The process when several excitatory synapses become active:

• The release of the neurotransmitter produces depolarizing EPSPs in the dendrites of the neuron.

• These EPSPs (represented in red) are then transmitted down the dendrites, across the soma, to the axon hillock located at the base of the axon.

• If the depolarization is still strong enough when it reaches this point, the axon will fire.

The process when inhibitory synapses become active at the same time:

• Inhibitory postsynaptic potentials are hyperpolarizing, they bring the membrane potential away from the threshold of excitation.

• They tend to cancel the effects of excitatory postsynaptic potentials.

If the activity of excitatory synapses goes up, the rate of firing will go up. If the activity of inhibitory synapses goes up, the rate of firing will go down.

Neurotransmitters are released by terminal buttons of neurons and bind with receptors in the membrane of another cell located a very short distance away.

Neuromodulators are chemicals released by neurons that travel farther and are dispersed more widely than are neurotransmitters.

Neuromodulators are secreted in larger amounts and diffuse for longer distances, modulating the activity of many neurons in a particular part of the brain.

Neuromodulators affect general behavioral states such as vigilance, fearfulness, and sensitivity to pain.
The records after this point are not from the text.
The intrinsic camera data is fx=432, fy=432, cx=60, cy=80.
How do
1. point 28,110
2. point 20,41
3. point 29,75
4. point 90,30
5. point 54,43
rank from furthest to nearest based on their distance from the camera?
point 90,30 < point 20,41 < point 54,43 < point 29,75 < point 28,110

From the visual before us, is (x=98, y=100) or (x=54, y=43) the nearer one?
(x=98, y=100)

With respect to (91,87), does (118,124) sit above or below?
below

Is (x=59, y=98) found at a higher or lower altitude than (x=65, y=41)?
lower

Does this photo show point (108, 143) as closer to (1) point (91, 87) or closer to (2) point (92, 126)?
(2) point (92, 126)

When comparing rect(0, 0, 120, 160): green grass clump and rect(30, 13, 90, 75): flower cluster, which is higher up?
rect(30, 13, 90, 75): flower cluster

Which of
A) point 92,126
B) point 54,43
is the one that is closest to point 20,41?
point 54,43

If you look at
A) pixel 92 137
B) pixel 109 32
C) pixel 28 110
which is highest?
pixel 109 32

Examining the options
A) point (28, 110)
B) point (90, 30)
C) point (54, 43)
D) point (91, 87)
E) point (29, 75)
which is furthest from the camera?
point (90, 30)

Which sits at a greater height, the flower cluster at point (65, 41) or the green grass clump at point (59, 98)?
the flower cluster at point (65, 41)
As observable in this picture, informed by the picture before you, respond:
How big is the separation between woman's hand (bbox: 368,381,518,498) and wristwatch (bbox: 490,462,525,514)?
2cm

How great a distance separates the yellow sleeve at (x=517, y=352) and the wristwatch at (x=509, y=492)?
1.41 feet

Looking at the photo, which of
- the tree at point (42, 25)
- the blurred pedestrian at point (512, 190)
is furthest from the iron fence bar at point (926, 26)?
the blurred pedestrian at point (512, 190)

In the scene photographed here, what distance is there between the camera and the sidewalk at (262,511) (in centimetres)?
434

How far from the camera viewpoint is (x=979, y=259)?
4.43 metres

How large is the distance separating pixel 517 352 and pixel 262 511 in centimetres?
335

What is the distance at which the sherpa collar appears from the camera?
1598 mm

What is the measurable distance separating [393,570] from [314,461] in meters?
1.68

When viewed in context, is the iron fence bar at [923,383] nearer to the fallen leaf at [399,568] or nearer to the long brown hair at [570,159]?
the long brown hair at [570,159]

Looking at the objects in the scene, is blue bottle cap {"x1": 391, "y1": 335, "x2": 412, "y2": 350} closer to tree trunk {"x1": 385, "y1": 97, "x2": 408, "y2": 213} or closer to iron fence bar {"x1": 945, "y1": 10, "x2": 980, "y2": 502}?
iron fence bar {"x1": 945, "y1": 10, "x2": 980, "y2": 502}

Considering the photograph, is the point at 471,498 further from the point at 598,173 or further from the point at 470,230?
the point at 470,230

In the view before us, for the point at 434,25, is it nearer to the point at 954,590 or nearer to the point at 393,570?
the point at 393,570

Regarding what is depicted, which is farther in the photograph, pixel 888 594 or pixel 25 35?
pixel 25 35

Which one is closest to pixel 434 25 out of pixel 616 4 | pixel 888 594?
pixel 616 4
Neuromodulators can be packaged into vesicles and released by neurons, secreted as hormones and delivered through the circulatory system.

Hormones are secreted by cells of endocrine glands or by cells located in various organs, such as the stomach, the intestines, the kidneys, and the brain.

Cells that secrete hormones release these chemicals into the extracellular fluid. The hormones are then distributed to the rest of the body through the blood stream.

Hormones affect the activity of cells that contain specialized receptors located either on the surface of their membrane or deep within their nuclei.

Cells that contain receptors for a particular hormone are referred to as target cells for that hormone; only these cells respond to its presence.

Many neurons contain hormone receptors, and hormones are able to affect behavior by stimulating the receptors and changing the activity of these neurons. (Testosterone, increases the aggressiveness of most male mammals.

Steroid hormones:

• They consist of very small fat-soluble molecules.

• Steroid hormones include the sex hormones secreted by the ovaries and testes and the hormones secreted by the adrenal cortex.

• Steroid hormones are soluble in lipids, they pass easily through the cell membrane.

• They travel to the nucleus, where they attach themselves to receptors located there. The receptors, stimulated by the hormone, then direct the machinery of the cell to alter its protein production.

• Investigators have discovered the presence of steroid receptors in terminal buttons and around the postsynaptic membrane of some neurons.

• These steroid receptors influence synaptic transmission, and they do so rapidly.